Kendati belum menimbulkan keluhan gigi, pemeriksaan gigi-geligi secara rutin perlu dilakukan pengidap bruxism, sebelum kerusakan gigi menjadi fatal dan tak bisa dikoreksi, telanjur terjadi. Akibat gesekan, sudah disebut, permukaan gigi semakin kehilangan lapisan keras gigi yang melindungi gigi dari ancaman zat kimiawi. Bila pelindung ini semakin tipis dan bahkan sudah hilang, gigi mudah sekali aus, keropos, dan bolong.
Obat Penenang atau Terapi Jiwa
Di mana-mana para ahli bilang belum tahu apa penyebab seseorang sampai rajin gaduh begitu gigi-geliginya. Namun, faktor stres dituduh menjadi biang keladi. Ada tipe kepribadian orang-orang tertentu yang rentan untuk mengidap gigi gemeretuk.Orang-orang penggugup, yang hidupnya tegang (tension), atau memiliki sikap kemarahan yang ringan munculnya, frustrasi, agresif, dan merasa dikejar waktu (serba tergopoh-gopoh), dan hidupnya kompetitif, cenderung jadi begitu.

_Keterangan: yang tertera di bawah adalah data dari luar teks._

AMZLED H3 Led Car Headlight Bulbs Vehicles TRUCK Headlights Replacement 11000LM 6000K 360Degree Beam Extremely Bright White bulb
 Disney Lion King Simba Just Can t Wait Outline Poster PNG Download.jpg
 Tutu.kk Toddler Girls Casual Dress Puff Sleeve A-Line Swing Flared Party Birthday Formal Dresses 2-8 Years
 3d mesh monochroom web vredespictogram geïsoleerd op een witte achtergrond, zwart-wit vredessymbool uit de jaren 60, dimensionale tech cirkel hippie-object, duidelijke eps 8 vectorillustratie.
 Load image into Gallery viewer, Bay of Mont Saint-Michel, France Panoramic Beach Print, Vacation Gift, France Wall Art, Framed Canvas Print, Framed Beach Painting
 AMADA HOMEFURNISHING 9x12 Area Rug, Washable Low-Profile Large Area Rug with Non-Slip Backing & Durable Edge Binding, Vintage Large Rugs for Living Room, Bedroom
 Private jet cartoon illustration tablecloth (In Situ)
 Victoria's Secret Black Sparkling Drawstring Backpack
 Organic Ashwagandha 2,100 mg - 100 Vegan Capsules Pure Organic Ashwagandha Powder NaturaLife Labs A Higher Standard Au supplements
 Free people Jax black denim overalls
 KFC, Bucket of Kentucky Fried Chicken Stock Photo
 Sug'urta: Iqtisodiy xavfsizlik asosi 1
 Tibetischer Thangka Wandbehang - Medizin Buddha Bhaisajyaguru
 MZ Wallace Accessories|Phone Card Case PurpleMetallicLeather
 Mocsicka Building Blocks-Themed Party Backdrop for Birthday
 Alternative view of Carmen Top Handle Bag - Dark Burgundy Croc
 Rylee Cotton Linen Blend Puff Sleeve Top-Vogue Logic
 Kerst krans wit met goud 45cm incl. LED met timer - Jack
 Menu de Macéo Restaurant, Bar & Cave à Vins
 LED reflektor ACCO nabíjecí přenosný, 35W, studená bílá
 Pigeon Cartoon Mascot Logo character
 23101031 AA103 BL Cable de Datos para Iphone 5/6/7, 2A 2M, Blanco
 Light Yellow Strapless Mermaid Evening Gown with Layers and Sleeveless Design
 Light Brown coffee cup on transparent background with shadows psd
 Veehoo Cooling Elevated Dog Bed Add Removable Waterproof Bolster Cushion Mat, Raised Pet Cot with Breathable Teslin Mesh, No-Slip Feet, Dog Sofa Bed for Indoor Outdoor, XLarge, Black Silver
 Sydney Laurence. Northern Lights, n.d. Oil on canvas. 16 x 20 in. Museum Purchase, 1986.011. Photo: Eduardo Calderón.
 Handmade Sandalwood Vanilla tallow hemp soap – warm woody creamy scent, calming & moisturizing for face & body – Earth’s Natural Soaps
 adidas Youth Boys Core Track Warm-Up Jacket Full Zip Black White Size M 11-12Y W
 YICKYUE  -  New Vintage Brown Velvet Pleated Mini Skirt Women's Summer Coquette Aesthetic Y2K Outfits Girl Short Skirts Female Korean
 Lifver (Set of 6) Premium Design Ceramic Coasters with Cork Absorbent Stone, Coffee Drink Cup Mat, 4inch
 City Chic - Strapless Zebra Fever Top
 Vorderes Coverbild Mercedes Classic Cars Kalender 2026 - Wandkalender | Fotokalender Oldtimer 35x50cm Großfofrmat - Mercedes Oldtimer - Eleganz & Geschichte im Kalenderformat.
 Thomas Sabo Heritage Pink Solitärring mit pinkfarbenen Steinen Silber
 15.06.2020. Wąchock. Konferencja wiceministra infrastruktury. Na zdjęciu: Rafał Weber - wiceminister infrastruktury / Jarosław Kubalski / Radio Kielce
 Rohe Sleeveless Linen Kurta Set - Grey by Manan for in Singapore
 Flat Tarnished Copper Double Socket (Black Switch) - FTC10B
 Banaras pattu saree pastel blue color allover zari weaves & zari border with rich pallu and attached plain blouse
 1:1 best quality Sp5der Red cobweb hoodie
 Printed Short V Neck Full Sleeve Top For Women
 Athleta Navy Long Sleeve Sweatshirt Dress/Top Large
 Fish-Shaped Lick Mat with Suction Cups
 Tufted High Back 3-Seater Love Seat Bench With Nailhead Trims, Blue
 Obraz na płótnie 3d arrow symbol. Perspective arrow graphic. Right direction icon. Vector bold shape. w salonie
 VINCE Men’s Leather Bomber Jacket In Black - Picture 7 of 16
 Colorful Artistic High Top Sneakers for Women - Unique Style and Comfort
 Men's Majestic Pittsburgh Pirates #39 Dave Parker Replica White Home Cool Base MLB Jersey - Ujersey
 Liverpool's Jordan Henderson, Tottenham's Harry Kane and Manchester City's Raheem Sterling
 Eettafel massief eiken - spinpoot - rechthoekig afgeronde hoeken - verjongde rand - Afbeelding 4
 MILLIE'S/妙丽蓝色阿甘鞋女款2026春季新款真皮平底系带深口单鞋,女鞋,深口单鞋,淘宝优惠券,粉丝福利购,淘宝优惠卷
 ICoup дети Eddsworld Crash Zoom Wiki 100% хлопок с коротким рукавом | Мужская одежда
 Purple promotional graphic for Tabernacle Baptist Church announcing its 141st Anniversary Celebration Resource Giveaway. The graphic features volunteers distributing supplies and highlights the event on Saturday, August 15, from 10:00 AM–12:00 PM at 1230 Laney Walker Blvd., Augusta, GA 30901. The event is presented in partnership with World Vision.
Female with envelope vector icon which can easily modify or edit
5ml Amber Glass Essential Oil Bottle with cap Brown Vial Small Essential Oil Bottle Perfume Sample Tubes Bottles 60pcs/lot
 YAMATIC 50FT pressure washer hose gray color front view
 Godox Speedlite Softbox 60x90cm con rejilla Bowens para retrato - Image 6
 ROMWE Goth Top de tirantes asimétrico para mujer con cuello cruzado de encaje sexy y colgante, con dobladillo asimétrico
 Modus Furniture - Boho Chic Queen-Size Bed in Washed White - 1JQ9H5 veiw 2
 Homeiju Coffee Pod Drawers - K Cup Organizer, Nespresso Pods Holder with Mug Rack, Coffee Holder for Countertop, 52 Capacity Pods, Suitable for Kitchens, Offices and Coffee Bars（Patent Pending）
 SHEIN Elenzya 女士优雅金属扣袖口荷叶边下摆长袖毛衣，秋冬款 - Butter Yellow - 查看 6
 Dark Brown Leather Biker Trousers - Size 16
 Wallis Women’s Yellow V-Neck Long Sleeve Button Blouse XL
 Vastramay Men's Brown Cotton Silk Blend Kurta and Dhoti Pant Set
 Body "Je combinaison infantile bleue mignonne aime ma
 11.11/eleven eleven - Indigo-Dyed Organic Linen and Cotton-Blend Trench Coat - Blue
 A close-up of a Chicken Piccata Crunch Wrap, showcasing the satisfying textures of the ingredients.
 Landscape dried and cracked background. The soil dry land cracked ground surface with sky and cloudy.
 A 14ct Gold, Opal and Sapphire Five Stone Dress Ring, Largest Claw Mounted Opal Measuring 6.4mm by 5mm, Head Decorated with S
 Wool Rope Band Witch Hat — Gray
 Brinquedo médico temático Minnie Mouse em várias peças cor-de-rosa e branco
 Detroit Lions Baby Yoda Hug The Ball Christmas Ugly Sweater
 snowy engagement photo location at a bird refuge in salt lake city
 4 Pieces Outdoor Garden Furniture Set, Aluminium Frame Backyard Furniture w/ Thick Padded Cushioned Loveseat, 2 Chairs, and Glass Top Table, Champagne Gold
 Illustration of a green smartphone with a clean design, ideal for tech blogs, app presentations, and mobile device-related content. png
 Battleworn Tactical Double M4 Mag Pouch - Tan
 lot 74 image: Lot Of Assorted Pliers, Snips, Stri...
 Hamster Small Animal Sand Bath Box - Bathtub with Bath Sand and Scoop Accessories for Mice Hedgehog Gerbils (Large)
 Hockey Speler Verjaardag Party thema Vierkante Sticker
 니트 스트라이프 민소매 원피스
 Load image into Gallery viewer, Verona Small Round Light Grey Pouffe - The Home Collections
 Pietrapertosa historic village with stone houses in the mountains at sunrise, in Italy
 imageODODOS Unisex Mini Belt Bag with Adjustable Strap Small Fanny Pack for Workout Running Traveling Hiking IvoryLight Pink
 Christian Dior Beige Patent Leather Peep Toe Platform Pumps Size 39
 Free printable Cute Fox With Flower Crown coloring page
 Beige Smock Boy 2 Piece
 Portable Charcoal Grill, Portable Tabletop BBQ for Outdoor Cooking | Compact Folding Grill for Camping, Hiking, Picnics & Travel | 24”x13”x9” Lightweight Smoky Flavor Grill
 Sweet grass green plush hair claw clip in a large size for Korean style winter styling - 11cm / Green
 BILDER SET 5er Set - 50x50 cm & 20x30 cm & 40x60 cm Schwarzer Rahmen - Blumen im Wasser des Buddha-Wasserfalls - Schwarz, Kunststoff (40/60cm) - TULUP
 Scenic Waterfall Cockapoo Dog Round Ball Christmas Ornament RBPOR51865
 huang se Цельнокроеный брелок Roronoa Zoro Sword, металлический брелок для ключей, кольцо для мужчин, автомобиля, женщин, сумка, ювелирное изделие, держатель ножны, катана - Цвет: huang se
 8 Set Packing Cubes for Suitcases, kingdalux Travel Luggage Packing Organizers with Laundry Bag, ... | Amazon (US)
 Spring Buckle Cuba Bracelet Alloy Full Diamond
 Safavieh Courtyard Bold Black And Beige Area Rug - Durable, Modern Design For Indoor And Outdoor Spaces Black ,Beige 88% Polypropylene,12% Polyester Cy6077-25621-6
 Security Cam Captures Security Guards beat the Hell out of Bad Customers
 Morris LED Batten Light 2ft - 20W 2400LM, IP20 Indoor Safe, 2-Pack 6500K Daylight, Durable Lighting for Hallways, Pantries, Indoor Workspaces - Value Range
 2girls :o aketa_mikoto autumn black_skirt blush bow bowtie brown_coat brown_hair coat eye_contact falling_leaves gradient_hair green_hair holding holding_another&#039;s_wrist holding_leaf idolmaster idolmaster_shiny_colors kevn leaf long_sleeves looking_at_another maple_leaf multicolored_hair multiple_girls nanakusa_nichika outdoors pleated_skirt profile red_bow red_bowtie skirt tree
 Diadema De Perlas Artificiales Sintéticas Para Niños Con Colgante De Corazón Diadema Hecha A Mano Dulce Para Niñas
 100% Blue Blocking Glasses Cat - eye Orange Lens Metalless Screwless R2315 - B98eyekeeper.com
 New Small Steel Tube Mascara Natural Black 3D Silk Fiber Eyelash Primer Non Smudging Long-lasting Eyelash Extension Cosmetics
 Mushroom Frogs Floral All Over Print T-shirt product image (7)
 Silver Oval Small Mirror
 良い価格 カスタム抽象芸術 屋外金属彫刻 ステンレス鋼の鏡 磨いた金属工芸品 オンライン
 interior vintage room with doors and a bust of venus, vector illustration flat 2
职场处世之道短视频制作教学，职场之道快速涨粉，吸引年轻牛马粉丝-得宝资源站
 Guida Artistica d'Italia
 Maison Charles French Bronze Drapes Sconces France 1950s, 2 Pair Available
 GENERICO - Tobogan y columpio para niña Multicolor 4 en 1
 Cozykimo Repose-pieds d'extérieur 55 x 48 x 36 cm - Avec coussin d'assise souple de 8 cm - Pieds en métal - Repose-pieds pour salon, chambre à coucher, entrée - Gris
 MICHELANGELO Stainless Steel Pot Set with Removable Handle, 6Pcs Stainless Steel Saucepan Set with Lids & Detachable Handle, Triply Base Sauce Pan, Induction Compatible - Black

Satu-satunya yang dapat dilakukan pihak medis adalah dengan memberikan obat penenang, antistres. Dengan cara demikian stres sebagai pemicu bruxism bisa diredam, dan diharapkan serangan gemeretuk gigi tidak muncul.
Namun, apakah pengidap bruxism harus terus-menerus bergantung pada obat, di situ masalahnya. Sebagian dokter lebih menyarankan memakai protektor gigi, dan kadang-kadang saja memberi penenang, bila stres hariannya benar-benar lagi angot.Sebagian pasien mungkin membutuhkan psikoterapi, terapi kejiwaan, atau mengubah perilaku (agresif, pemarah, sikap kompetitif), dengan behavior modification, misalnya. Selain itu dilakukan juga biofeedback, seperti salah satu cara terapi bagi orang yang ingin menghentikan kebiasaan merokok.
Memang tidak mudah mengatasi bruxism. Namun, saya kira, Ibu Kar. tidak bakal sampai menceraikan suami, sebagaimana keputusan seorang istri di Australia. Cinta Bu Kar. pada suaminya, konon kata para tetangga, sudah gula jawa serasa cokelat.